Each address is in sample one time, and not eligible again until five years later. Thus the sample cumulates to 3,000,000 addresses each year, and to about 15,000,000 over a five year period. The survey will be in all counties each month. The data are weighted to make annual average estimates. The population totals by age, race, sex, and Hispanic origin are controlled to be consistent with the official intercensal population estimates. Details on the ACS weighting are given in Alexander, Dahl, and Weidman (1997).

The ACS sample size is sufficient to make useful annual estimates for areas down to about 65,000 population. For smaller areas, several years of data may be cumulated. For very small areas, such as census tracts, which average about 4,000 population, cumulating five years of data is typically required. This gives precision close to that of the census long form sample.

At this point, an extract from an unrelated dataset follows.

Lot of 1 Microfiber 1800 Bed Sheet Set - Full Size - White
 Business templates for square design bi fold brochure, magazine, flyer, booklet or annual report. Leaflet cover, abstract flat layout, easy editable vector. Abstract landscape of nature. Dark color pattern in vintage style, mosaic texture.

The questionnaire content will be similar to that of the decennial census long form. A description of the content, and other aspects of the ACS data design, and testing plans are given on the Census website One important feature is that the survey uses a "current residence" rule: each person is counted as a resident where he/she is currently living or staying, with the exception of short stays (two months or less) away from a "usual residence."


IV. Master Address File

The Master Address File, used in Census 2000, linked to the TIGER geographic information system, will be kept up-to-date after the census. For areas containing about 80 percent of the addresses, the main source of updates will be the Postal Service Delivery Sequence File; new addresses will be added twice a year using a computer match, supplemented by a clerical operation.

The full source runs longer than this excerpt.